*** Data records Section Begins ***
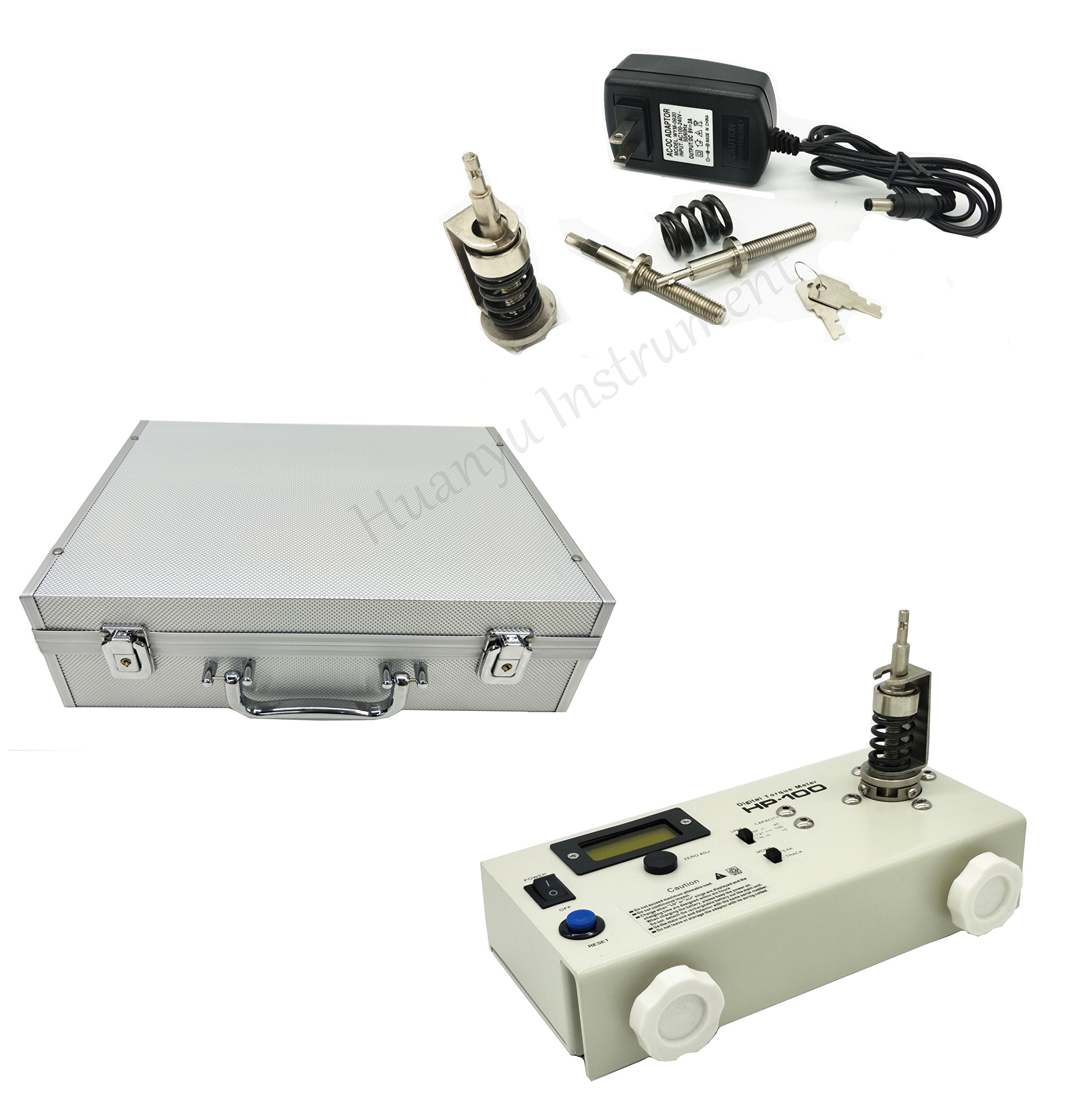 Huanyu HP100 Digital Torque Meter Torsion Meter Screw Driver Wrench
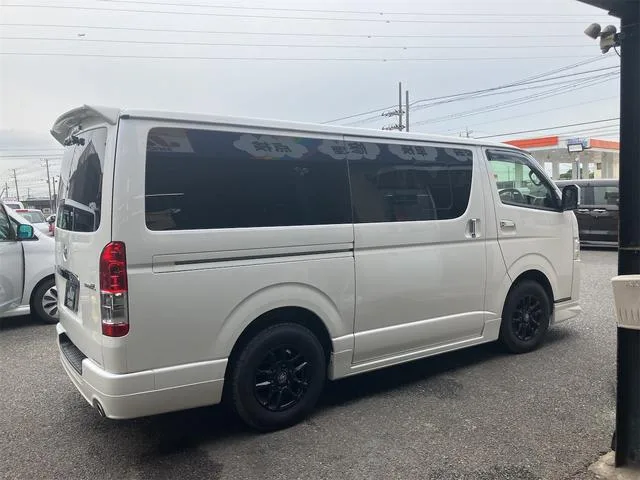 Toyota HIACE VAN SUPER GL DARK PRIME II 2023 — миниатюра 2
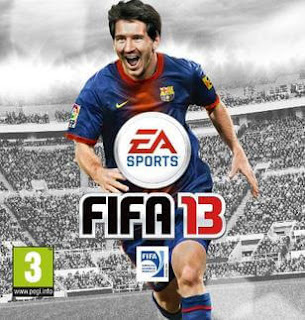 โหลดเกม FIFA 13 Europe .iso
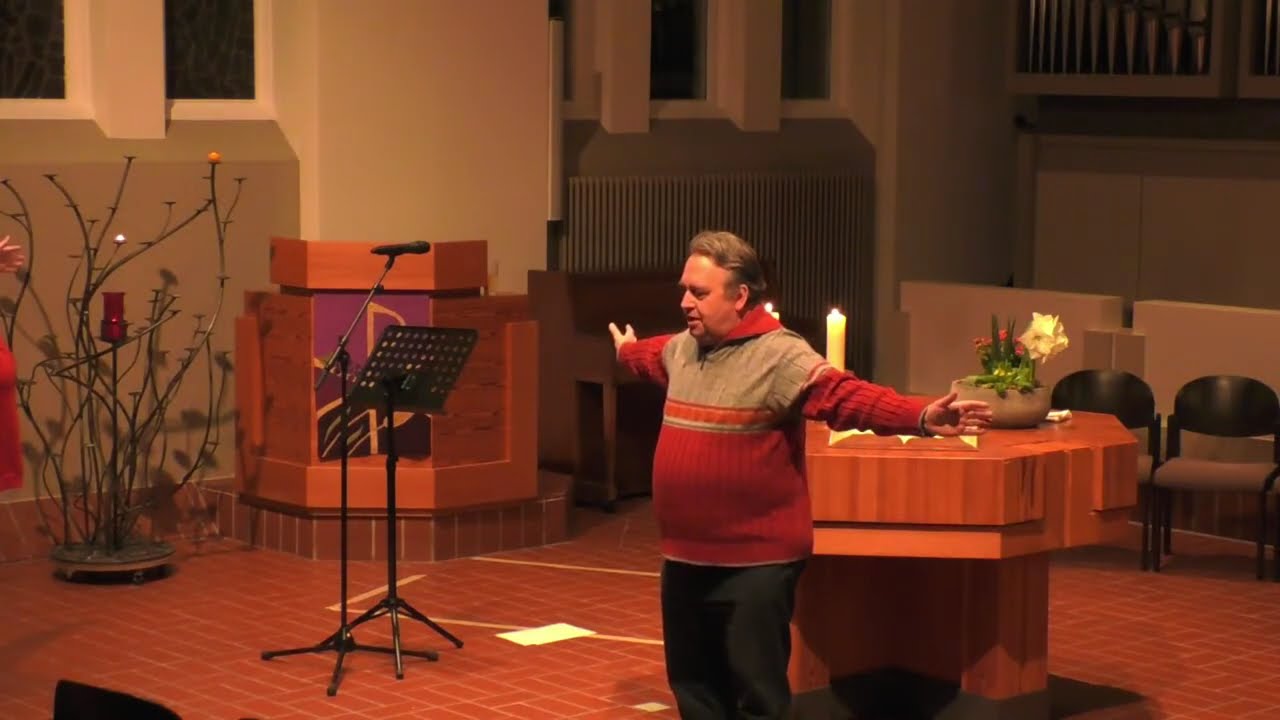 Passionsandacht vom 25.02.2026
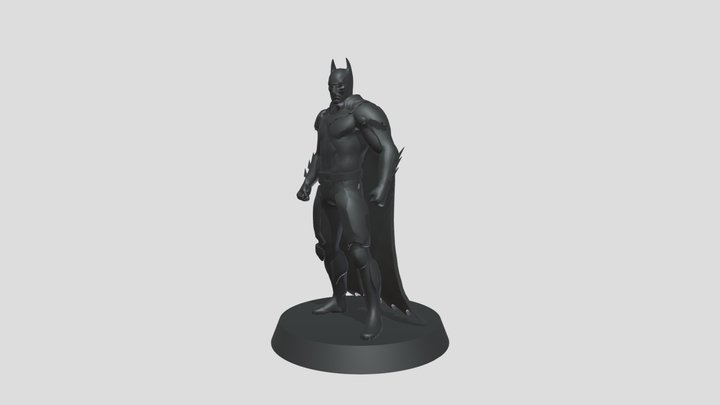 Batman - Injustice 2 - TableTop 32mm 3D Model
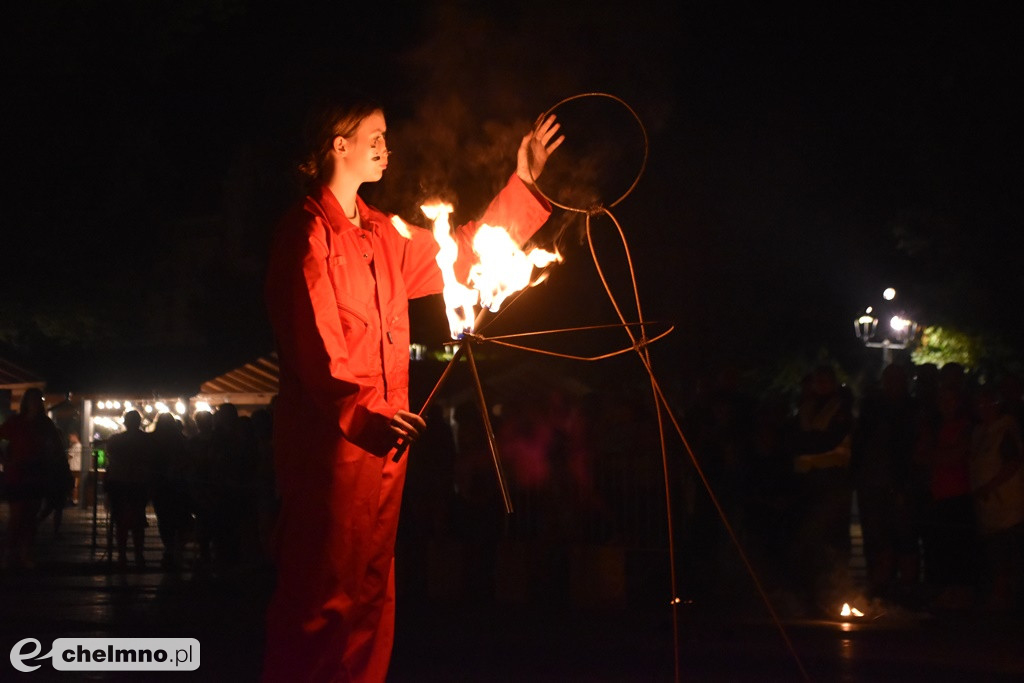 Stowarzyszenie Teatr Ludyczny i wczorajsze FIRESHOW na Rynku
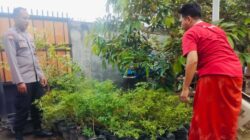 Strategi Polsek Labuapi Perkuat Ekonomi Warga Melalui Pemanfaatan Lahan Pekarangan Sebagai Sumber Pangan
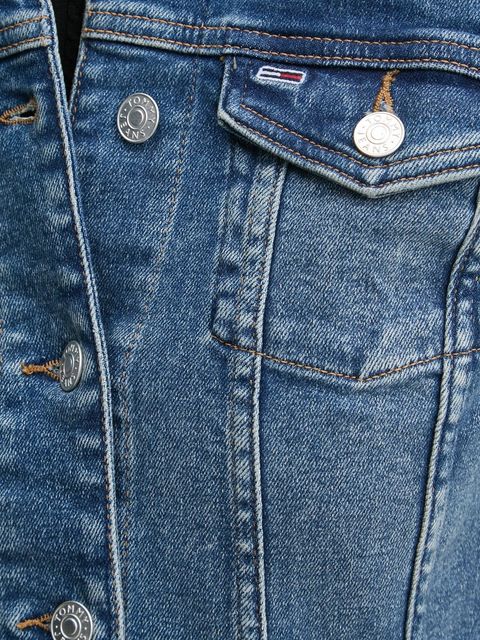 Tommy Jeans kurtka jeansowa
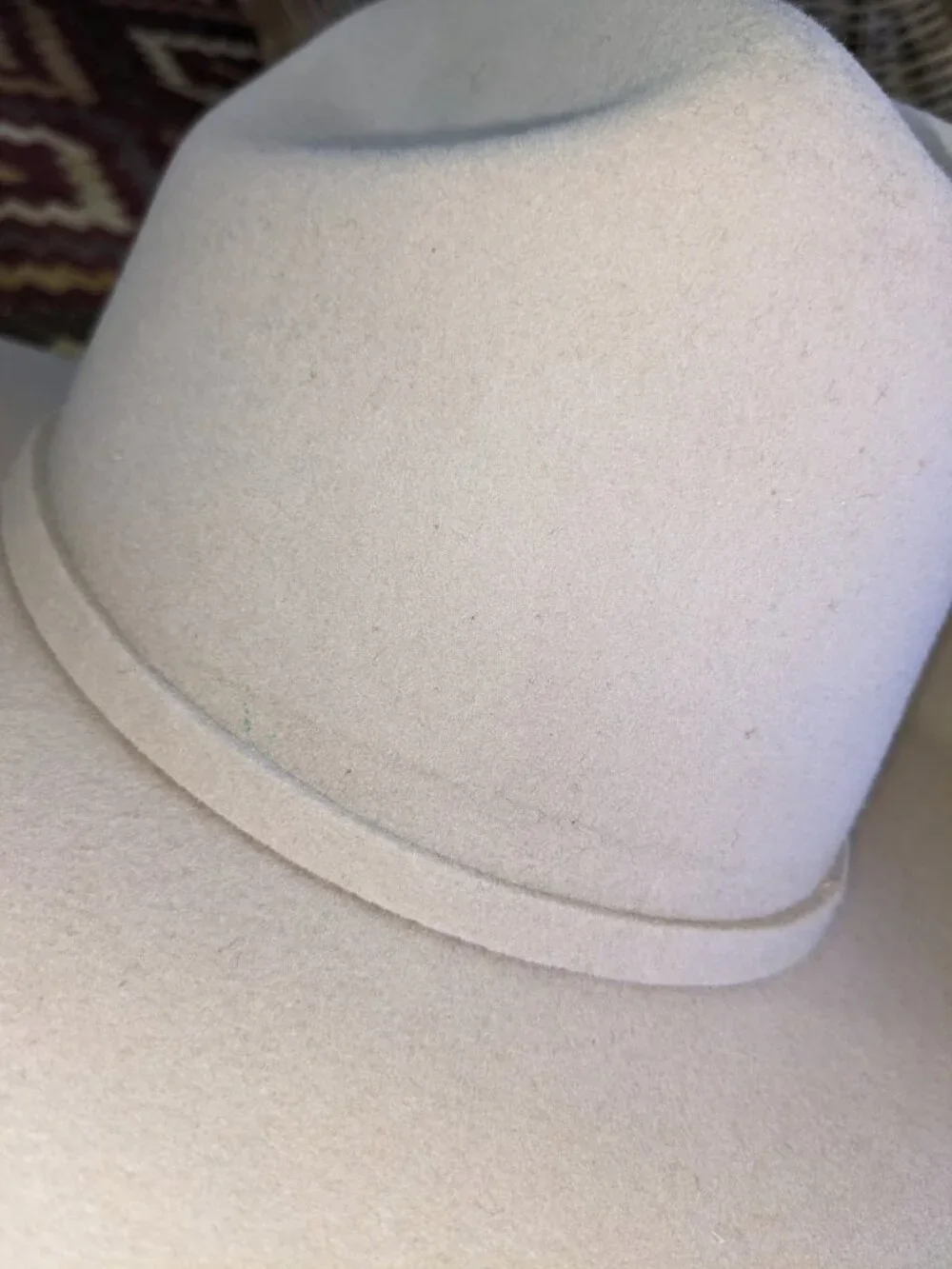 Justin Laredo 3X Silverbelly Wool Cowboy Hat 6 7/8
*** Data records Section Ends ***
Instructions for the task
Every line above should be copied exactly; do not carry over the pictures.

Solution
 Huanyu HP100 Digital Torque Meter Torsion Meter Screw Driver Wrench
 Toyota HIACE VAN SUPER GL DARK PRIME II 2023 — миниатюра 2
 โหลดเกม FIFA 13 Europe .iso
 Passionsandacht vom 25.02.2026
 Batman - Injustice 2 - TableTop 32mm 3D Model
 Stowarzyszenie Teatr Ludyczny i wczorajsze FIRESHOW na Rynku
 Strategi Polsek Labuapi Perkuat Ekonomi Warga Melalui Pemanfaatan Lahan Pekarangan Sebagai Sumber Pangan
 Tommy Jeans kurtka jeansowa
 Justin Laredo 3X Silverbelly Wool Cowboy Hat 6 7/8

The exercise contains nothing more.